Generally, the magnitude of the Schmid factor is a critical determinant of the activation of a slip system: the lower the Schmid factor values, the more difficult for slip system to activate. In this case, there would be higher stress concentration and a subsequent increase of crack propagation for materials with higher Schmid factor [45, 46]. Once a critical level of defects has been reached, the fatigue crack is able to traverse the grain more easily, thereby accelerating the rate of crack propagation. As illustrated in Figures 11(a) and 11(d), the Schmid factor is observed to be lower on the surface of the coated specimen as compared to the uncoated specimen. Consequently, crack initiation rate of the coated specimen is reduced. However, the higher Schmid factor within the coated specimen indicates stress concentration is higher, which would facilitate crack expansion once the crack has progressed to a certain extent. In addition, the available evidence suggests that the specimens with a more irregular crack path tend to exhibit a slower crack growth rate and greater resistance to crack propagation [47–49]. Such conclusion could be verified by the experimental results in this work, where a more heterogeneous FCG path could be observed in the coated specimen.

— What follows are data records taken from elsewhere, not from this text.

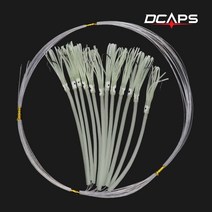 디캡스 15cm 장축광 12본 야광튜브 야광꼴뚜기 갈치바늘 갈치낚시 갈치채비, 02.야광_야광꼴뚜기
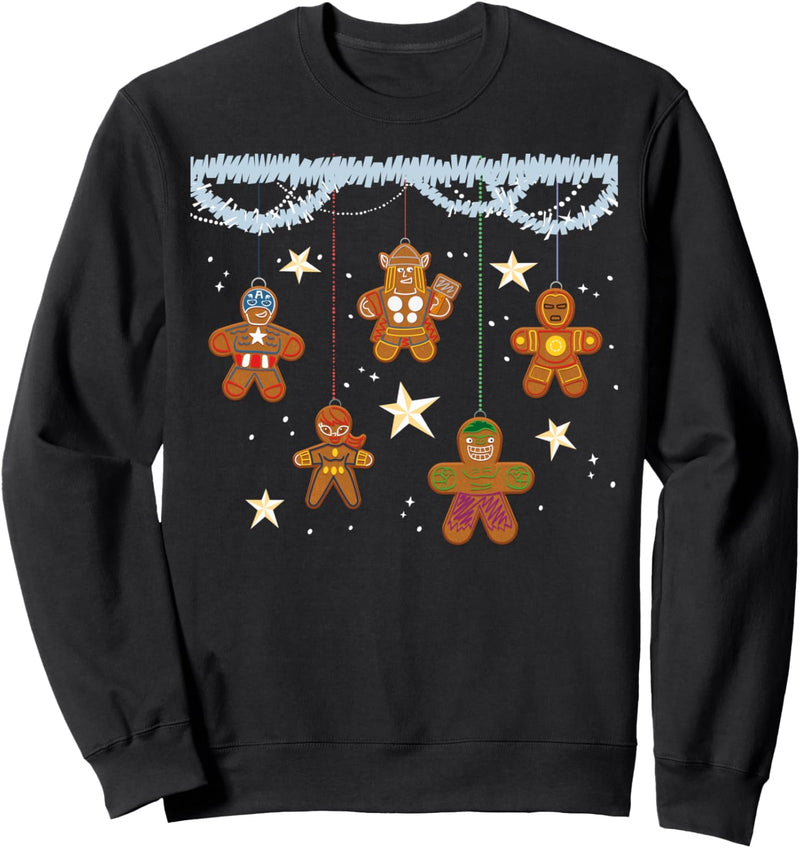 Marvel Avengers Gingerbread Cookie Ornaments Holiday Sweatshirt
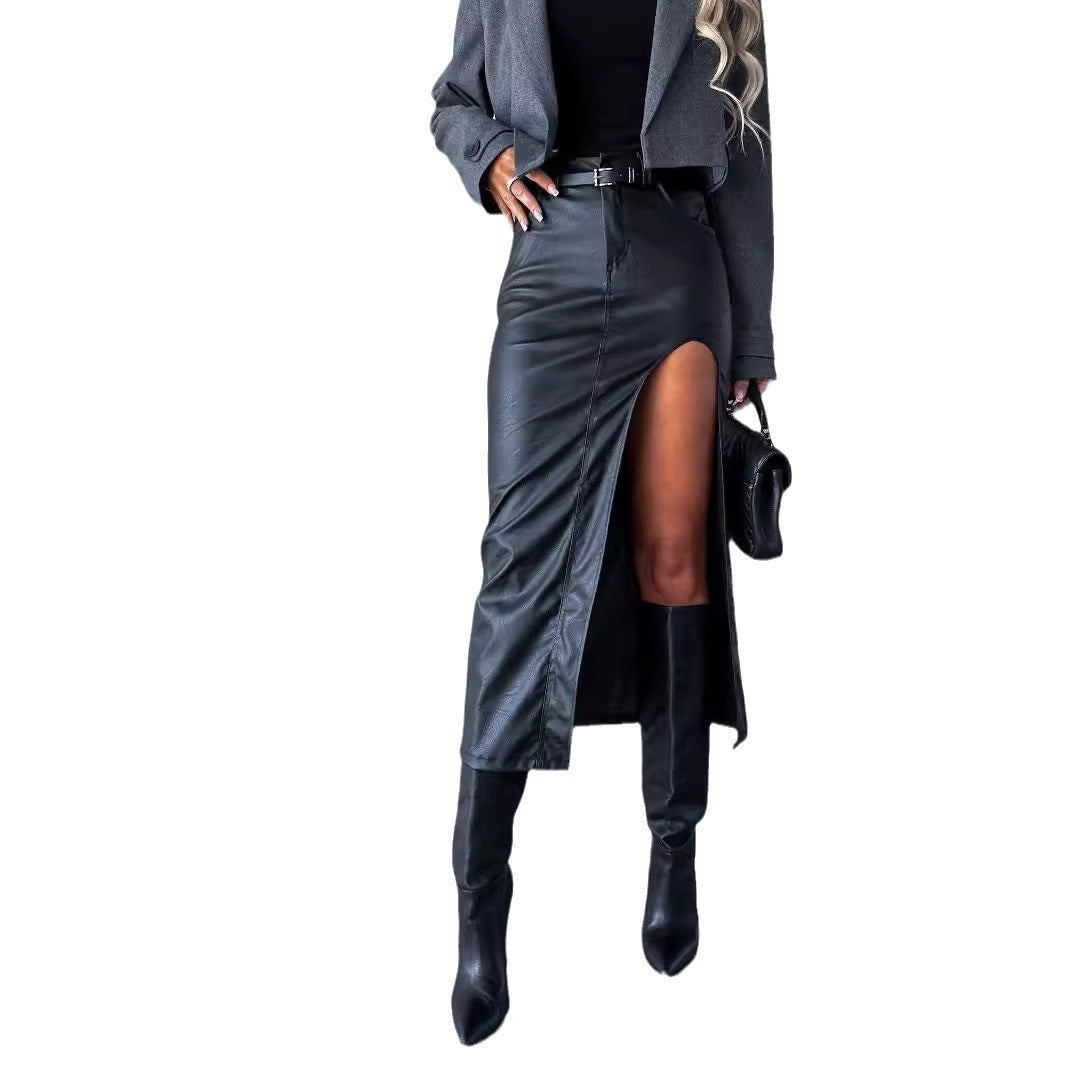 LORINE | Elegant High Slit Skirt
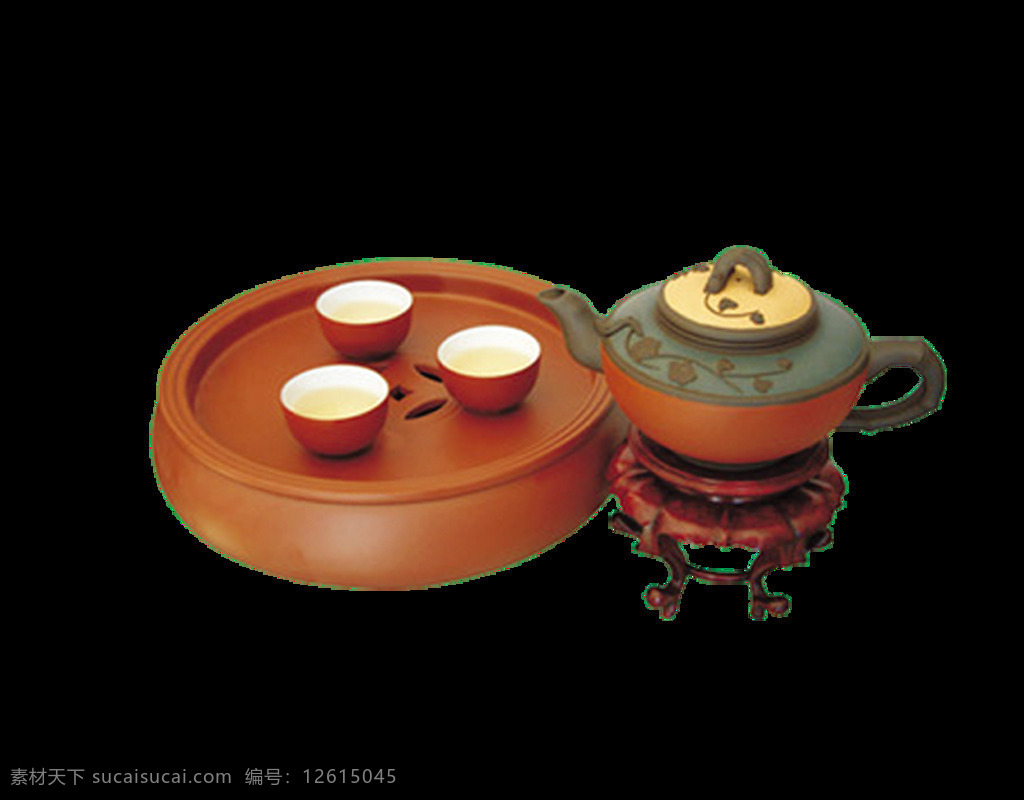 雅致 黄褐色 茶具 产品 实物 茶杯 茶道 茶壶 产品实物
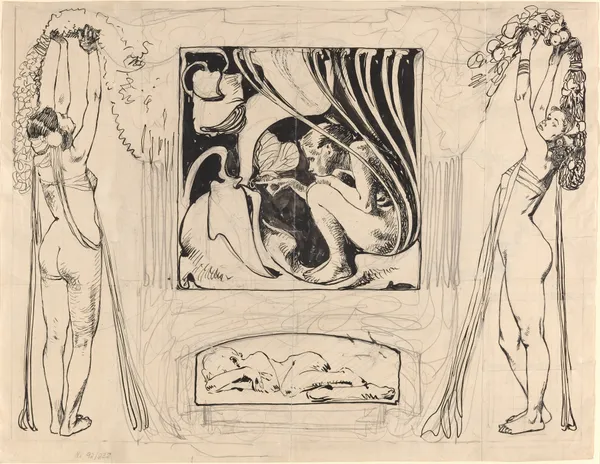 Allegory of Summer (in or after 1896) av Koloman Moser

GBs are acknowledged as significant impediments to the FCGR. The misorientation angle is therefore considered to be a pivotal parameter that reflects the resistance of GBs to crack propagation. The critical stress required for a dislocation to penetrate the GB increases with the misorientation angle of the GB, as reported by previous studies [50, 51]. In other words, larger GB misorientation angle typically correlates with greater resistance to FCG and slower crack growth rate. In general, fatigue cracks tend to propagate in a relatively direct path when the misorientation angle is below 20°. Conversely, the rate of crack propagation is significantly reduced when the misorientation angle exceeds 30° [52, 53]. The weighted-average GB misorientation angles for the coated and uncoated specimens are 30.98° and 24.48°, respectively, as illustrated in Figures 11(c) and 11(f). This discrepancy indicates that the coated specimen exhibits enhanced resistance to FCG and a reduced crack growth rate, which contributes to the more complex crack trajectory (Figures 3(a) and 3(b)).

4.2. Prediction of FCG

The coated specimens with 0.3 stress ratio were selected for model validation purposes, while the remaining data points were employed for model calibration and estimating the posterior distributions of the model parameters. The posterior distributions of the count and energy model parameters, as illustrated in Figures 12(a), 12(b), 12(c), 12(d), 12(e), and 12(f), are employed to predict the FCGR using new AE data. As illustrated in Figures 12(g) and 12(h), a general alignment between the predicted and actual crack lengths could be observed. Specifically, when the predicted values are plotted on the x-axis and the actual values on the y-axis, the data fitting results show that the slope and R-squared of the count-based prediction are 0.849 and 0.994, respectively, while the energy-based predictions exhibit a slope and R-squared of 1.171 and 0.953, respectively. Such results indicate the good agreement between modeling and experimental results. Moreover, the data points are distributed around the line of perfect correlation, with the predicted count parameter exhibiting a greater degree of alignment with the actual values than the energy parameter. It is noteworthy that the prediction results of count model initially adhere closely to the line of perfect correlation before gradually diverging. In contrast, the prediction results of energy model start with a worse fit and then show a tendency to moderate more significantly. Figure 12(i) provides a visual concordance between experimental and predicted values, illustrating the strong correlation between fatigue life and crack length as predicted by different parameters. The predicted crack sizes agree well with the measured values, notwithstanding some discrepancies. Therefore, using the count parameter are more closely aligned with actual observations during the initial stages. Conversely, as the steel reach closely to fracture point, using the energy parameter are more closely aligned with actual observations. Thus, a combination of AE parameters can enhance the precision of crack monitoring during actual testing.